There is no doubt that love for some celebrity exists within us all. This isn’t the traditional definition of love but defined by an excessive admiration for a famous person whom we will probably never meet. The use of “love” is appropriate here as we who love celebrities tend to exhibit signs of undue influence by those highly visible. Famous people, the non-elected representatives of the human race, have always held some influence over the masses. In the days before mass media, television sets, and computers, fame was circulated orally, carried by the gossipy nature of social beings.
Today, we open our eyes and cannot avoid these people. Of course, in a developed society, entertainers are necessary. We laugh and sometimes cry at a quality performance. Our memories are seared with images, movies, and songs that have touched us frightened us, and stimulated us. They dramatize the political, the romantic, the good, and the bad. We see in them the potential for the perfection of man or woman as an expression of utopian ideals of love and success.

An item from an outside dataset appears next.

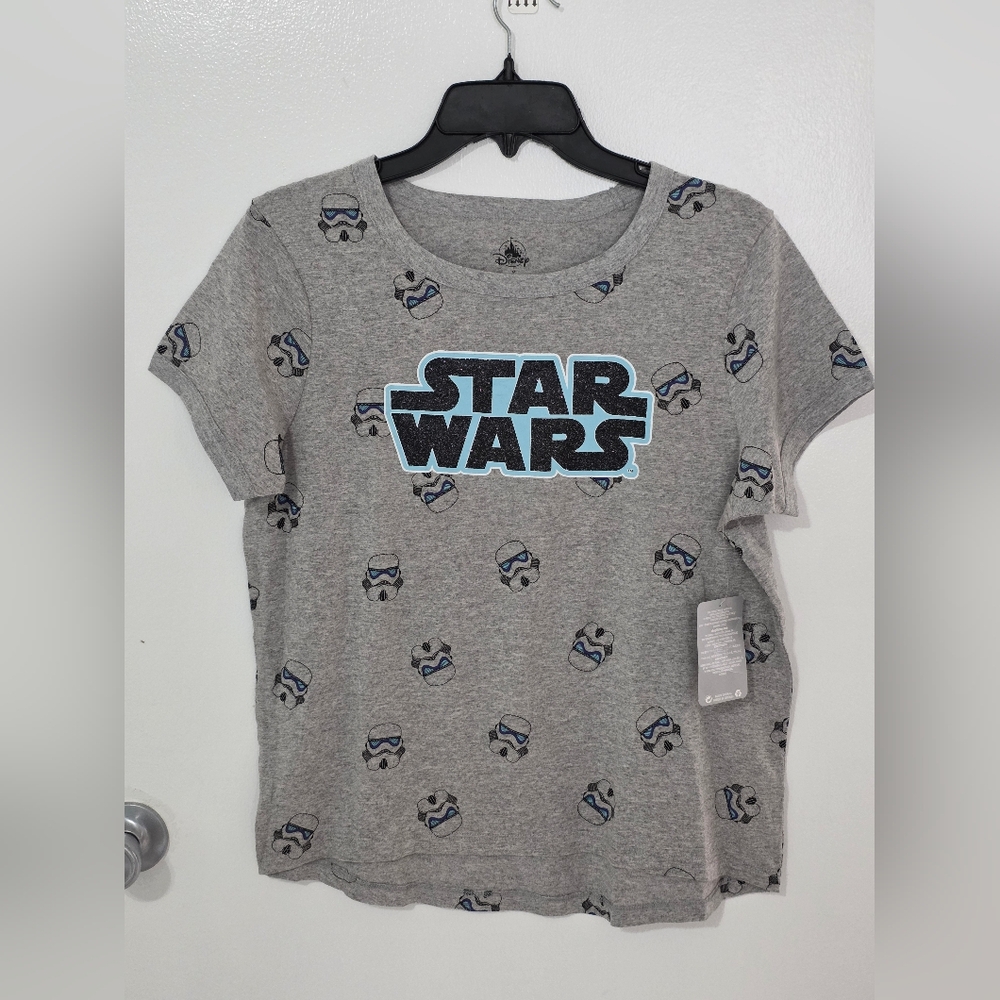 Star Wars Women's T-Shirt Storm Trooper Short Sleeve Gray Size M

Yet, have we gone too far? How much influence should they have over us? Our choice of clothes, jewelry, hairstyle, languages, and ideas are often areas that we look toward celebrities to define. If you deny this, then you are exceptional; the rest of us are invariable, more susceptible. Our culture has become saturated with celebrity influence. We watch their every move, including who they are with and what they do. We absorb their politics and gobble up their quotes. We think about what it may be like to be beautiful, rich, and powerful. Fame is an aphrodisiac or so it seems to the unrecognized. Today, we have TomKat(Tom Cruise and Katie Holmes). Yesterday, it was Bennifer(Ben Affleck and Jennifer Lopez).
Public Interest in these people is frighteningly obsessive. After all, their claim to fame is usually based on pretense or non-reality. They are the constant pretenders, illusionists with screens as their canvas.
The entertainment value of a celebrity stretches beyond the screen or stage, and they are wholly aware of it. We are witnesses to carefully arranged relationships, sudden sightings in sports arenas, and controversial quotes days before a new movie or show opens. They appear on your screen suddenly seems not to promote themselves but rather attempt to come across as natural, likable, smart, and funny. Sometimes we get a glimpse into what certain celebrities are like. Unfortunately, it is usually when they do something wrong. Drugs, infidelity, and physical assaults are a few areas where celebrities have slipped in their public presentation. Mug shots and unflattering photos of famous people are the currency of entertainment news outlets. Being a celebrity has its drawback, in this regard, as they are monitored as closely as governmental heads of the biggest nations on earth. Alas, the power of celebrity is here with us to stay. Or is it? Can we teach our children who the chancellor of Germany is before we explain the history of Madonna? If we can’t, America will become a nation of uninformed celebrity worshippers numb to the more important realities of the world.